Published: April 19, 2009

Concerned about hazing at your child’s college?

You might want to look a little deeper, and maybe closer to home — at your son’s or daughter’s high school.

A major study of college hazing has turned up a disturbing result: 47 percent of college freshmen have already been hazed in high school.

Also disturbing is the fact that, despite greater attention to the problem, little progress apparently is being made. A similar survey in 2000 revealed that 48 percent of high-schoolers belonging to groups had been hazed.

Hazing has been defined as harassment, humiliation or abuse as part of a group initiation. Hazing ranges from silly stunts to dangerous demands. Students have died from alcohol poisoning after binges that were part of, say, fraternity initiations.

Hazing is officially banned at recognized fraternities and sororities, but the practice still goes on — either secretly at recognized Greek houses or at unofficial, unrecognized houses that call themselves fraternities.

And, more and more, incidents of high school hazing are emerging. In 2003, the problem hit the news in a big way with reports of high school girls injuring younger ones — and we’re talking stitches and broken bones — and pouring paint and excrement on them while spectators cheered.

Just recently, Greene County disciplined two football players for a hazing incident, one of whom was expelled; criminal charges also were placed.

In the same e-mail announcing the hazing incident, the school superintendent told parents about an incident in which an adult allegedly had inappropriate sexual contact with students.

A county woman later was charged and convicted for having consensual sex with one minor. Because the case was heard in private to protect the minor, no details ever emerged to confirm that the sex case was linked to the hazing. How-ever, some form of hazing did occur, and was acknowledged by county officials.

“We’re still having hazing incidents in this country in high schools,” said Elliot Hopkins of the National Federa-tion of State High School Associations. “They’re getting more brutal. They’re getting more sexual. And they’re being pushed down into middle schools.”

There’s the next frontier, the next area of concern: middle schools. It’s not just college hazing we need to worry about, and it’s not just high school hazing — now it’s middle school.

Experts say more education is needed on this dangerous dynamic. For instance, as bullying has gotten more attention from legislators and parents — including in Virginia — hazing has taken a back seat. Some people even think they are the same thing and that by passing legislation on one issue, the state is addressing both.

Hazing involving sexual or other abuse can affect a student’s relationships for the rest of his or her life — marriage, work, friendship, anything that involves partnership or authority. The victim may develop a warped view of relationships and learn to fear authority.

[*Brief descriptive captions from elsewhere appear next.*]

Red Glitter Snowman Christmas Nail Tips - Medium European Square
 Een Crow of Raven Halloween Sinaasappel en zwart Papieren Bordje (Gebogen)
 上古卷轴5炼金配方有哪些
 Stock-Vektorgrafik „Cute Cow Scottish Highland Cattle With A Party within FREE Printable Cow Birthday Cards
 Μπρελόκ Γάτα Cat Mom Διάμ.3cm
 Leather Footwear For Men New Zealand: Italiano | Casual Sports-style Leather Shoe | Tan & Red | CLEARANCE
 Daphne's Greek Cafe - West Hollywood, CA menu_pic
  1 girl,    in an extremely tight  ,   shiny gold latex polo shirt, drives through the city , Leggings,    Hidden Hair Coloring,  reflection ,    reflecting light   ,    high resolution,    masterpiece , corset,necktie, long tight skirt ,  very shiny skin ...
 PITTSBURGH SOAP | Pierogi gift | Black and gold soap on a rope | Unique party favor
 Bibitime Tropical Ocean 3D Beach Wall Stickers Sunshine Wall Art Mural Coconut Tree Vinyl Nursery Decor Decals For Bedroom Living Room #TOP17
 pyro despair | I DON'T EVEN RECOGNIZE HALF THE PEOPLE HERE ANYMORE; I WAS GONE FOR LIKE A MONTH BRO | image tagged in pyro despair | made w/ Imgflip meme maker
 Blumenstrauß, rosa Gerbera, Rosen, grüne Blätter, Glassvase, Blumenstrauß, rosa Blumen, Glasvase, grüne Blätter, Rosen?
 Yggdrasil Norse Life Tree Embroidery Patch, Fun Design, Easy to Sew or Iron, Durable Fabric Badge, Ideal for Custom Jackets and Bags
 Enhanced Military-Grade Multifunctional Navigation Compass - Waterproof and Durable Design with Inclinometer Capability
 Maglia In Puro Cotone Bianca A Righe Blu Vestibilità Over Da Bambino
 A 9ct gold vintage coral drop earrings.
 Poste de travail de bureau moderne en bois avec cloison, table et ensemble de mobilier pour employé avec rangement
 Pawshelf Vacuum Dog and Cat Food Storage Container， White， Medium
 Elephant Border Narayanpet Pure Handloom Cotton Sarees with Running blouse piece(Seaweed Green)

Hazing seldom is not the harmless prank we wish it were; it is a physically and psychologically dangerous practice. We must see it for what it is, before we can face the need to stop it.

By Hank Nuwer

Journalist Hank Nuwer tracks hazing deaths in fraternities and schools. Nuwer is the Alaska author of Hazing: Destroying Young Lives; Broken Pledges: The Deadly Rite of Hazing, High School Hazing, Wrongs of Passage and The Hazing Reader. In April of 2024, the Alaska Press Club awarded him first place in the Best Columnist division and Best Humorist, second place.

He has written articles or columns on hazing for the Sunday Times of India, Toronto Globe & Mail, Harper's Magazine, Orlando Sentinel, The Chronicle of Higher Education and the New York Times Sunday Magazine. His current book is Hazing: Destroying Young Lives from Indiana University Press. He is married to Malgorzata Wroblewska Nuwer of Warsaw, Poland and Fairbanks, Alaska. Nuwer is a former columnist for the Greenville (Ohio)Early Bird and former managing editor of the Fairbanks Daily News-Miner in Alaska.
Nuwer was named the Ohio Society of Professional Journalists columnist of the year in 2021 for his “After Darke” column in the Early Bird. He also won third place for the column in 2022 from the Indiana chapter of the Society of Professional Journalists. He and his wife Gosia, recently of Union City, Ind., have owned 20 acres in Alaska for many years. “The move is a sort-of coming home for us,” said Nuwer. As a journalist, he’s written about the Alaskan Iditarod sled-dog race and other Alaska topics. Read his musings in his blog at Real Alaska Daily--http://realalaskadaily.com and in his weekly column "Far from Randolph" in the Winchester Star-Gazette of Randolph County, Indiana.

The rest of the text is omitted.